Your Turn!
Now it’s your turn. Download this document for a recap of the blocks we covered in this lesson and some hands-on exercises for you to explore.
What You Have Learned in This Lesson
In this video you learned about some of the differences between the simple next token prediction from the last lesson and modern generative AI models.
Here’s the blog post with further teaching resources about Snap!

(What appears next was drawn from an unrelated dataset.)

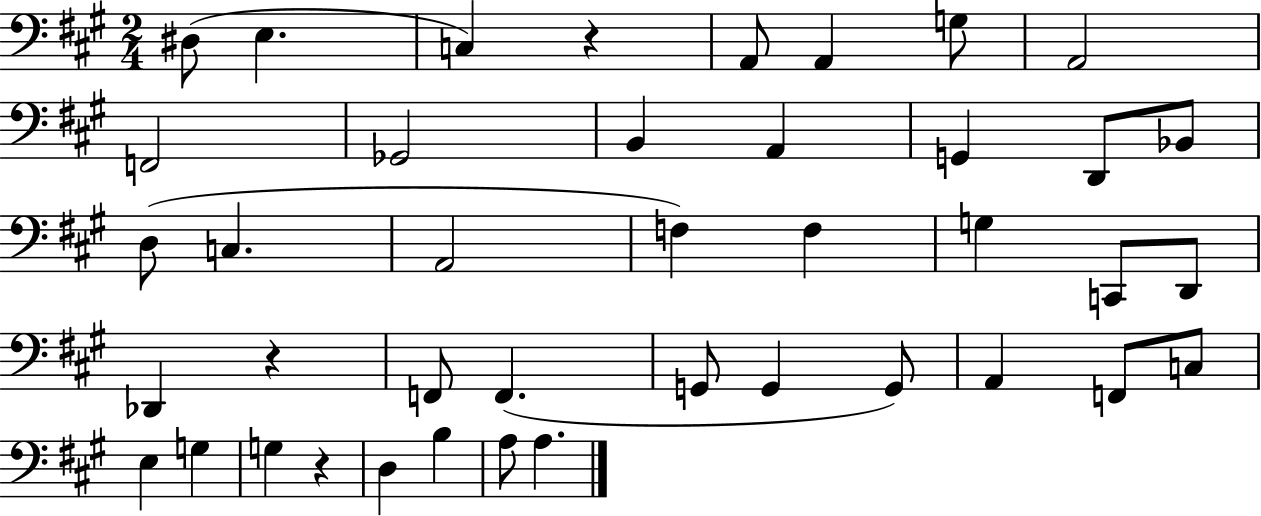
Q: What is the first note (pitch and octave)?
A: D#3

GPT in case you haven’t read it, yet.
Word Embeddings
Instead of directly working with words and text, modern LLMs use tokens in form of vectors. For text, those are called word embeddings.
A word embedding is a vector representation of a word that encodes the meaning of that word. Synonymous words have similar vectors even across different languages.
In the video this was represented by finding the closest word to the features of the word "dog" in German. The result of that was the word "hund", which is indeed the German translation for "dog".

Additionally, distances and directions between words have meaning, too. You can solve word analogy problems with word embeddings like:
cat is to kitten as dog is to X
You can calculate the difference between the word embeddings of kitten and cat and add it to the word embedding of dog to solve what X is – puppy.

Transformer Architecture in LLMs
Modern LLMs use a so-called "transformer" architecture where two neural networks – the encoder and decoder neural network work with each other to generate new text.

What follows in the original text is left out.